Copy out, precisely as given, the lines from the line with "Telma Cumberledge" to the end of the entries that follow.
--- START ---
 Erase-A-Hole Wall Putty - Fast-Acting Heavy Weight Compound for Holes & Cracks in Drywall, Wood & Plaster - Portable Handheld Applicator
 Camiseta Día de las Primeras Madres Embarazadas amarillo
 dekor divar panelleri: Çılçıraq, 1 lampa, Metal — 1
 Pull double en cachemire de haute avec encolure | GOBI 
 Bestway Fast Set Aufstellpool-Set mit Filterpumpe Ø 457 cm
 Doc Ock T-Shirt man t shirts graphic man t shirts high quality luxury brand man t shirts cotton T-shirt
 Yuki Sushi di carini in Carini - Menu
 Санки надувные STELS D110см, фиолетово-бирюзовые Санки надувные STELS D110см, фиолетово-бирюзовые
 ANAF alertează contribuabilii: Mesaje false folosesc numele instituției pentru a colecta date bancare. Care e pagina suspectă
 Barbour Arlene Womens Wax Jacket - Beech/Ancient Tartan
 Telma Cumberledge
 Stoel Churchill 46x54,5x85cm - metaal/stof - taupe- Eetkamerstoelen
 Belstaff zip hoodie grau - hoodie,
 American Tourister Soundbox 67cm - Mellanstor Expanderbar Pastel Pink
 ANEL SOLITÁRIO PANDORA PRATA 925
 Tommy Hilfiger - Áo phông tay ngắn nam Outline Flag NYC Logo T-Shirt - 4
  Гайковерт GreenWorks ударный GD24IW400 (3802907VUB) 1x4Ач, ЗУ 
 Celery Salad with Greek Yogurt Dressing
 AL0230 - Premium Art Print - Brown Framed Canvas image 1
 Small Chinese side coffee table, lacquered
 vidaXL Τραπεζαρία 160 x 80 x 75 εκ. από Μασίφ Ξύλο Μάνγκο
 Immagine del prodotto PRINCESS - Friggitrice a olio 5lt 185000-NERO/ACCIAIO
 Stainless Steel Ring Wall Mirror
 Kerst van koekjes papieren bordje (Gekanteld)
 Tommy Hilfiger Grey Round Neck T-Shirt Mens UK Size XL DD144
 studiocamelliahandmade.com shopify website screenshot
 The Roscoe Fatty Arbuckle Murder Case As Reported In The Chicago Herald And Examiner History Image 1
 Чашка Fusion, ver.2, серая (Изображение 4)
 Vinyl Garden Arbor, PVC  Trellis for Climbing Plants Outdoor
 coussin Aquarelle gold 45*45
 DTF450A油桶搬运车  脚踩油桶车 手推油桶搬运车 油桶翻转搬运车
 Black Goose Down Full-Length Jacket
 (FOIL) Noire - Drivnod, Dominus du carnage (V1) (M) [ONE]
--- END ---
- _Response to the exercise_:
 Telma Cumberledge
 Stoel Churchill 46x54,5x85cm - metaal/stof - taupe- Eetkamerstoelen
 Belstaff zip hoodie grau - hoodie,
 American Tourister Soundbox 67cm - Mellanstor Expanderbar Pastel Pink
 ANEL SOLITÁRIO PANDORA PRATA 925
 Tommy Hilfiger - Áo phông tay ngắn nam Outline Flag NYC Logo T-Shirt - 4
  Гайковерт GreenWorks ударный GD24IW400 (3802907VUB) 1x4Ач, ЗУ 
 Celery Salad with Greek Yogurt Dressing
 AL0230 - Premium Art Print - Brown Framed Canvas image 1
 Small Chinese side coffee table, lacquered
 vidaXL Τραπεζαρία 160 x 80 x 75 εκ. από Μασίφ Ξύλο Μάνγκο
 Immagine del prodotto PRINCESS - Friggitrice a olio 5lt 185000-NERO/ACCIAIO
 Stainless Steel Ring Wall Mirror
 Kerst van koekjes papieren bordje (Gekanteld)
 Tommy Hilfiger Grey Round Neck T-Shirt Mens UK Size XL DD144
 studiocamelliahandmade.com shopify website screenshot
 The Roscoe Fatty Arbuckle Murder Case As Reported In The Chicago Herald And Examiner History Image 1
 Чашка Fusion, ver.2, серая (Изображение 4)
 Vinyl Garden Arbor, PVC  Trellis for Climbing Plants Outdoor
 coussin Aquarelle gold 45*45
 DTF450A油桶搬运车  脚踩油桶车 手推油桶搬运车 油桶翻转搬运车
 Black Goose Down Full-Length Jacket
 (FOIL) Noire - Drivnod, Dominus du carnage (V1) (M) [ONE]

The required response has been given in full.